Nathan mengusap puncak kepala Sheila. "Bagus! Menurutlah kucingku yang manis!"
Nathan keluar dari kamarnya dengan tawa kecil di bibirnya.
"Kucing manis? Ish, menyebalkan!" Sheila menggerutu dan segera bangkit dari tempat tidur yang nyaman itu.
...💟💟💟...
Nathan duduk di kursi kebesarannya dan mengecek beberapa pekerjaan yang belum selesai. Bahkan untuk bersantai saja sepertinya ia tak memiliki waktu.
Ponselnya bergetar. Sebuah panggilan dari sang mama tercinta, Berlian.
"Halo, Ma."
"Kamu dimana, sayang? Sudah jam segini kenapa belum datang juga?"
"Aku masih di kantor, Ma. Lagi nunggu Sheila siap-siap."
"Hmm, ya sudah. Hati-hati menyetirnya ya!"
"Iya, Ma."
Tepat ketika panggilan berakhir, Sheila keluar dari kamar Nathan memakai baju yang tadi dikirimkan Nathan untuknya. Midi dress berwarna dusty pink itu sangat pas di tubuh Sheila.
"Sudah siap?" tanya Nathan.
Sheila mengangguk dengan menundukkan wajahnya. Ia sengaja melakukannya. Ia tak ingin menatap Nathan yang kini mulai membuat jantungnya berdetak tak beraturan.
Nathan mematikan laptopnya dan menghampiri Sheila. Ia kembali memindai penampilan Sheila. Rasa marahnya karena dirinya di namai 'gumpalan es' kini sirna sudah. Berganti dengan kata kagum pada sosok tunangannya ini.
"Kamu cantik, Shei..."
Satu kalimat yang membuat Sheila mendongak dan menatap Nathan. Mata mereka beradu menyiratkan sebuah rasa yang tak bisa diartikan.
Sheila ingin mengakui jika pria didepannya ini memang punya sejuta pesona untuk membuat wanita ingin terus menatap padanya. Tapi sekali lagi, Sheila tak ingin dibodohi dengan rasa sesaatnya.

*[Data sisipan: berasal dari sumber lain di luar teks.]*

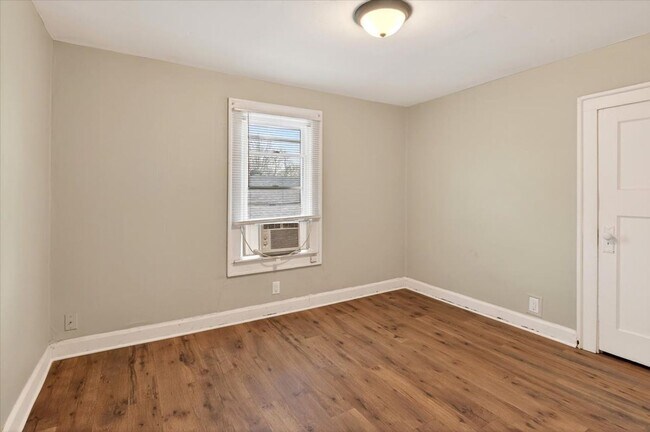 Building Photo - 508-508 Emerson Ave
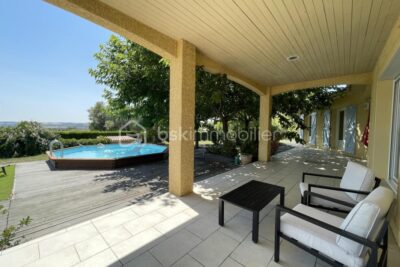 VILLA DE PLAIN PIED AVEC PISCINE – 5 pièces – 4 chambres – 146 m²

Sentuhan berdurasi lima detik kembali terjadi. Sheila yang melamun dan Nathan yang memanfaatkan situasi. Kini Nathan mulai paham jika gadisnya tak akan marah bila disentuh hanya selama lima detik, haha.
"Jangan melamun! Ayo berangkat!" ucap Nathan dengan mengulas senyumnya.
Nathan menggenggam tangan Sheila dengan lembut. Sentuhan pria ini membuat Sheila lupa siapa dirinya.
Kemana Sheila yang selalu protes dan bersitegang dengan Nathan? Kemana Sheila yang cerewet dan pembantah? Hmm, nampaknya kini ia memang jadi kucing yang manis untuk Nathan, hihihi.
Mobil Nathan membelah jalanan kota metropolitan yang masih ramai dengan banyaknya kendaraan berlalu lalang. Kedua insan masih saling diam selama perjalanan menuju kediaman keluarga Avicenna.
Rasanya Sheila sangat malu karena hari ini dua kali mendapat serangan dadakan dari Nathan. Pria itu menatap Sheila yang terus menatap keluar kaca mobil.
"Ehem!" Nathan berdeham untuk mencairkan suasana.
Ponsel Sheila bergetar. Sebuah pesan masuk dari Sandra. Ibunya itu meminta Sheila untuk membawa oleh-oleh untuk Berlian. Sheila memutar otak apa yang harus ia beli.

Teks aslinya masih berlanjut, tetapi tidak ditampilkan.